And lawmakers -- some of whom already have spoken out against a GM proposal to shift some production overseas -- may insist on a voice on everything from the location of plant closures to the pay scales of top executives.

"We're already seeing them force out the CEO, restructure the board and talking about the right kind of cars for them to build," said Douglas Holtz-Eakin, who was a top policy aide to former Republican presidential candidate Senator John McCain.

He was referring to the decision to pressure Rick Wagoner to step down as GM's chairman and chief executive.

"I don't know where that ends and I don't know how you easily end it," said Holtz-Eakin, now a private consultant.

The 100-year-old automaker, once the world's largest, filed for bankruptcy protection to begin what the Obama administration hopes will be a fast-track restructuring.

The slimmed-down company that will emerge is expected to be 60 percent-owned by the U.S. government, which is giving GM a $30 billion cash infusion. The Canadian government and Ontario will take a 12 percent stake.

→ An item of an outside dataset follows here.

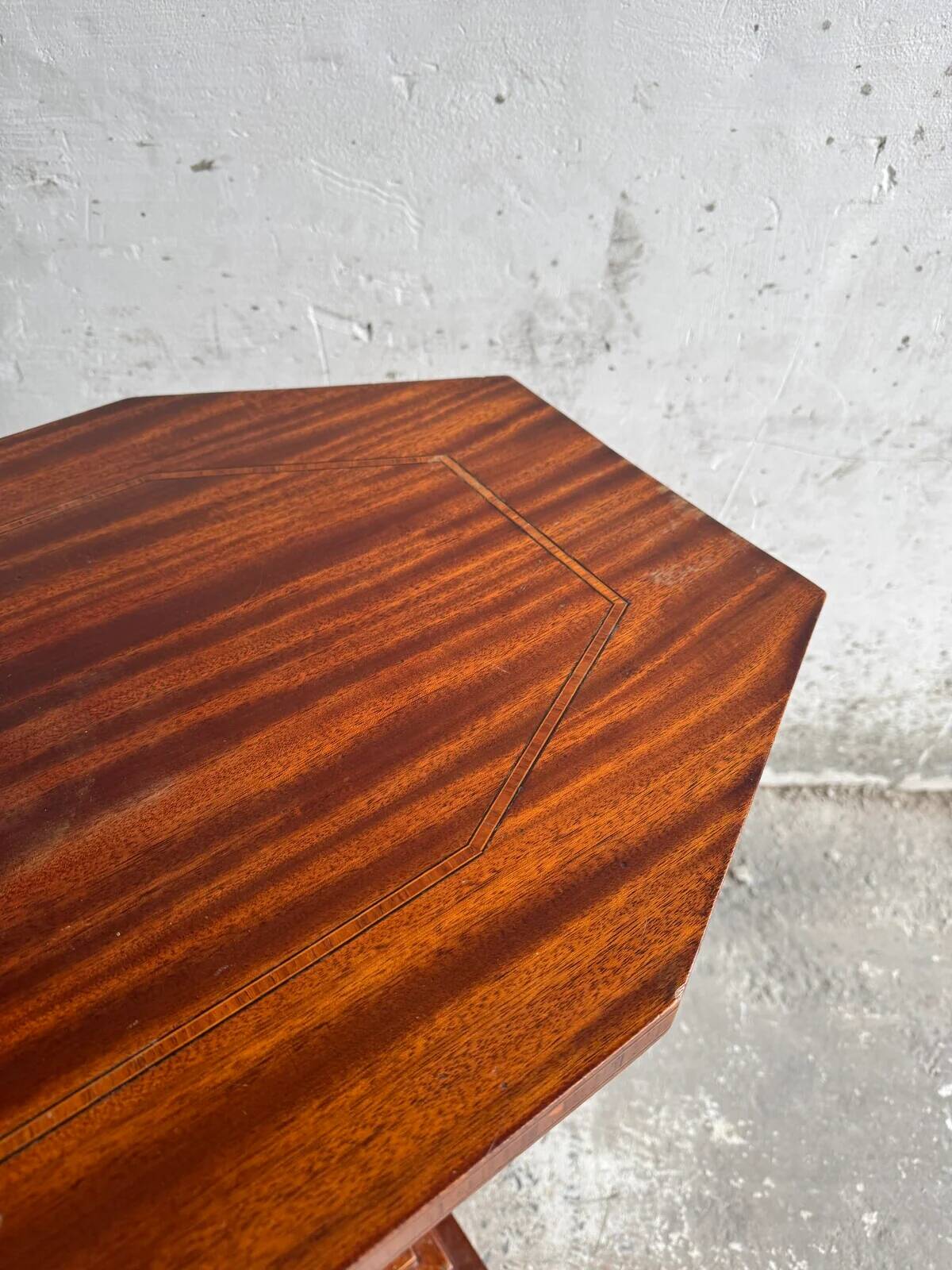 Interbellum side table with pronounced wood grain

"We are acting as reluctant shareholders, because that is the only way to help GM succeed," Obama said. "What I have no interest in doing is running GM."

SAFEGUARDS IN PLACE

The Obama administration also said it had created safeguards to prevent interference, including prohibiting government officials from sitting on the firm's board or working for firms in which the automaker invests.

U.S. officials, who briefed reporters on the details of the GM restructuring on Sunday night, likened the government's ownership role to that of Fidelity Investments, a mutual fund giant that often holds large amounts of shares in other companies but does not seek to manage them.

Officials held a separate conference call with lawmakers to make it clear they wanted to draw lines and not allow political interference on issues like shutting plants.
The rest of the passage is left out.